ジャカルタ、パレンバン、バンドン アジア大会3都市で インフラ整備の起爆剤に

 アジア・オリンピック評議会(OCA)は20日、韓国の仁川(インチョン)で総会を開き、次回の第18回アジア大会を2018年にジャカルタなどインドネシアの3都市で開くと正式に決定した。インドネシアでの開催は1962年の第4回大会以来2度目。インフラやスポーツ施設の整備の起爆剤になることが期待される一方、開催費用の不安もちらつく。            (田村隼哉)
 ロイ・スルヨ青年スポーツ相は21日、3都市はジャカルタ特別州、南スマトラ州パレンバン市、西ジャワ州バンドン市と地元メディアに発表した。3都市はOCAと、開会式を中央ジャカルタのブンカルノ競技場で、閉会式をパレンバン市のジャカバリン競技場で開くことなどを盛り込んだ覚書を交わした。ジャカルタとパレンバンでは昨年、東南アジア選手権大会も開かれた。
 開催の決定を受け、インドネシア・オリンピック委員会(KOI)のリタ・スボウォ委員長は「開催は我が国にとって誇りであるとともに挑戦でもある」とし、「ドーピングも八百長もない大会を目指し、経済成長にも貢献したい」と抱負を語った。同委員長は来年3月までに実行委員会を発足させる方針だ。ジャカルタ特別州のアホック副知事も「インドネシアの発展ぶりを披露しよう。(前回の)62年と現在とではまるで変わった」と意欲を見せた。
 ジャカルタでは8万人を収容可能なBMW競技場(北ジャカルタ・タンジュンプリオク)が今年着工したほか、62年の大会に合わせ建設されたブンカルノ競技場の改修が計画されている。アホック副知事は建設中の大量高速鉄道(MRT)やモノレールの運用を2017年にも開始させたい考えだ。南スマトラ州のアレックス・ヌルディン知事はパレンバン市内の競技施設付近に選手村を新設する計画を表明している。
 OCAは当初、平昌(ピョンチャン、韓国)冬季五輪の18年や東京夏季五輪の20年を避け、中間の19年に開催する予定だったが、次回の大統領選挙が同じ年になるインドネシア側の要望で、1年前倒しして18年の開催を決めた。

■財政圧迫の懸念も
 一方で、アジア大会は近年、大会規模の肥大化などの問題が指摘されている。

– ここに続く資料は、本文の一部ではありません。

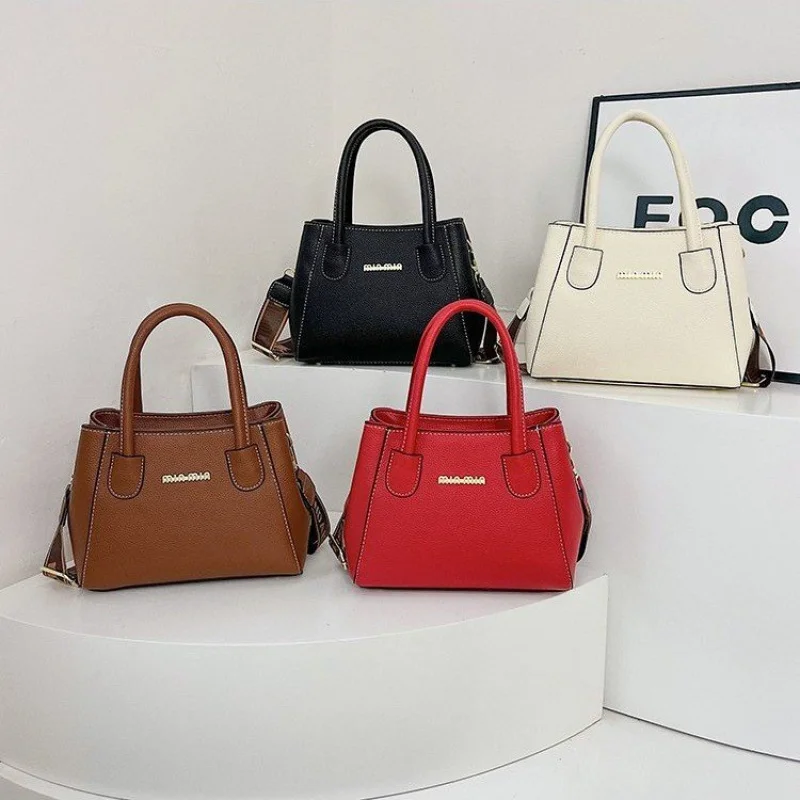 

Ladies Tote Bag Made Of Octa-Printed Leather Boasting High-End Luang Prabang Commuter Spacious Soft Style​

現在、第17回大会が開かれている韓国の仁川市には45の国と地域から約1万3千人の選手団が訪れ、36競技439種目でメダルが争われている。競技数は過去最多となった中国・広州大会(10年)の42競技から6競技を除外したものの、夏季五輪の26競技よりも多い。
 規模が拡大すれば費用も膨らむ。広州大会では20億ドルが投じられ、今大会では会場建設費や運営費など計2兆2千億〜3千億ウォン(約21億〜22億ドル)が仁川市の財政を圧迫していると報じられている。
 第18回大会もハノイに決まったが、今年4月にベトナム政府が財政上の理由で辞退していた。1兆5千億ドルの運営費や競技場の新設費用が重荷になったとみられる。
 国内での開催を不安視する声に対し、リタKOI委員長は「OCAの現地調査を2回受けるなど、準備は整っている」と楽観的な見方を示した。